Trajectory by Richard Russo


  There’s only one thing to do and that’s head back to Saint Mark’s. At least from there he should be able to find his way back to the hotel. His lower back, he realizes, has begun to stiffen. Sciatic nerve, an old problem. In the next large campo he sees the ubiquitous bent arrows pointing toward major Venetian destinations—Ferrovia, Rialto, Accademia—and follows the one for San Marco into a dark, empty calle, then another and another, crossing ponte after goddamn ponte, his lower back now throbbing. Gradually the streets become crowded again, which means he must be getting close, though nothing looks even remotely familiar. Every time he rounds a corner he expects the calle he’s on to open onto the piazza, and every time he’s disappointed. Is he somehow going around in circles? He hasn’t felt so completely untethered—uncunted, his brother’s word, is suddenly a tiny malignancy in his unruly brain—since what happened with Opal Mauntz. Could the two be related? It’s a crazy question, of course, further evidence, were any needed, of a disordered mind. Yet he can’t help wondering if there was some lesson he failed to learn from that whole ordeal that might explain why he’s lost again now. Jesus, he thinks, his fucking phone is right. Physically he’s in Italy, but part of him—some ludicrous little Google-Schmoo self—is back home in Massachusetts trying to…what? Is this what it feels like to lose your mind? His eyes fill with hot, angry tears. Has he really traveled halfway around the world in order to come completely unglued among strangers?

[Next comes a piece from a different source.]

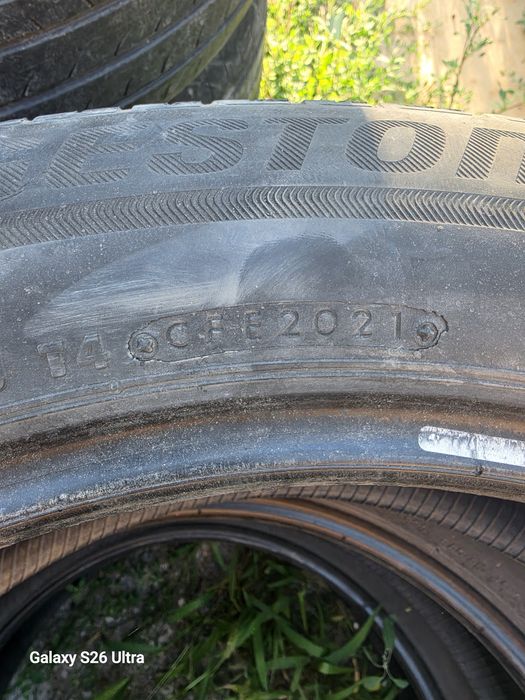 Продам летнюю резину 225 ×55× 19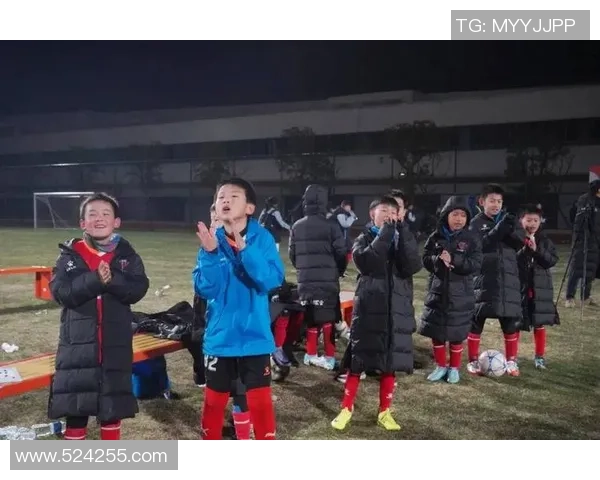 眉山瓦屋山杯足球盛会激情四溢球迷齐聚共庆足球文化的魅力与热情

  What he needs to do, and right quick, is pull himself together. Concentrate on the here and now. For instance, is he still on course for Saint Mark’s? How many campos has he hurried through without even checking the bent arrows? If he can just find the piazza, maybe he’ll be able to relocate the relaxed, confident Nate who’d sipped expensive cappuccino there. He’d gladly spend twice as much—no, ten times—to reclaim that emotional tranquility.

  In the next square there’s an attractive restaurant with outdoor tables, and seeing it Nate knows he’s finished. He can go no farther. His shirt is drenched with sweat, his sciatic nerve pulsing to the beat of his respiration. It’s hard to believe, but he’s been looking for the Trattoria Giacomo for over an hour. The others will already have ordered, and probably finished their first course. To show up now, in this condition, would be beyond humiliating. Better to have a quiet lunch alone. He’ll order a small carafe of prosecco and a simple plate of pasta. Gather himself.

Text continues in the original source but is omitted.